One of the objectives of a long-term goal is to try things you’ve never tried before… to stretch your limits and master something new.  As I near the end of my ‘Year of Salad’ I am proud that I have met my own personal challenge.  Rather than continually serving the same basic green salad with store-bought balsamic vinaigrette, I’ve pushed myself to try new ingredients, new methods and new combinations.  I tackled the celery root, discovered the tangelo and now am taking time to experiment with the pomegranate.  I have always been intrigued by pomegranates.  Growing up, my only memory of the exotic fruit was of a girlfriend plucking these luscious, juicy, red seeds out of a tough shell.  As an adult, I have enjoyed pomegranates when served to me at a restaurant.  But, honestly, until last week, I wasn’t even sure how to get into the fruit.  (For those of you who are likewise intimidated, I discovered this site that describes the process for plucking out pomegranate seeds from its shell.)  Once plucked, the seeds are tiny bursts of sweet and slightly sour juice that are quite delightful.  And when placed against the green backdrop of peppery arugula, the seeds remind me of little glass jewels… or Christmas tree lights.  Bon Appetit

Pomegranate Salad with Warm Goat Cheese
A pretty, decadent salad worthy of any holiday table.

Serves 6
Dressing – Apple Cider Gastrique
¼ cup sugar
1 tablespoon water
½ cup apple cider vinegar
Baked Goat Cheese
11 ounces soft goat cheese, cut into (12) 1/2″ thick rounds
¼ cup extra virgin olive oil
¼ cup bread crumbs
¼ teaspoon salt
Salad
5 ounces arugula, washed and spun dry
½ cup pomegranate seeds
½ cup walnut halves, roasted and coarsely chopped
3 tablespoons red onion, minced

Make the gastrique : (A gastrique is a slightly syrupy reduction) Put sugar and water into a small saucepan. Dissolve sugar over medium heat until boiling; boil without stirring until amber, about 5 minutes. Add vinegar (mixture will bubble vigorously). Stir until caramel bits dissolve. Cool.

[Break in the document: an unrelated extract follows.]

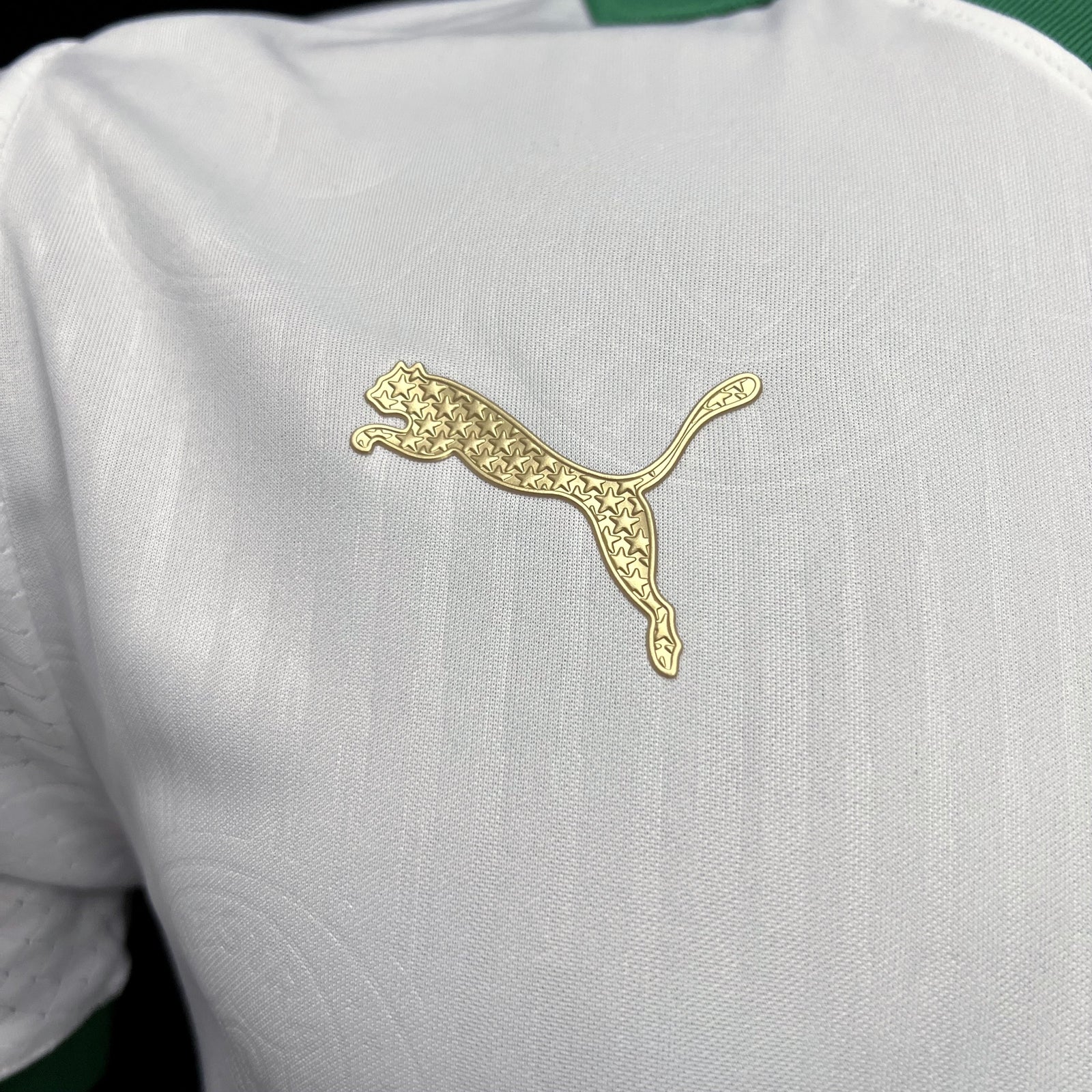 Away 24/25 Men's Player Jersey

Toast the goat cheese: Preheat the oven to 375°. Mix together bread crumbs with a pinch of salt. Brush the goat cheese rounds liberally with olive oil. Dredge the goat cheese in the breadcrumb mixture and place on a lightly greased cooking sheet. Bake for about 5 minutes, until warmed though and soft.

Prepare the salad: Place arugula, pomegranate seeds, walnuts, and red onion in a large bowl. Pour cooled gastrique over salad until lightly moistened (you will have extra gastrique). Mix salad together and plate salad on individual salad plates. Place two goat cheese rounds on each salad and serve immediately.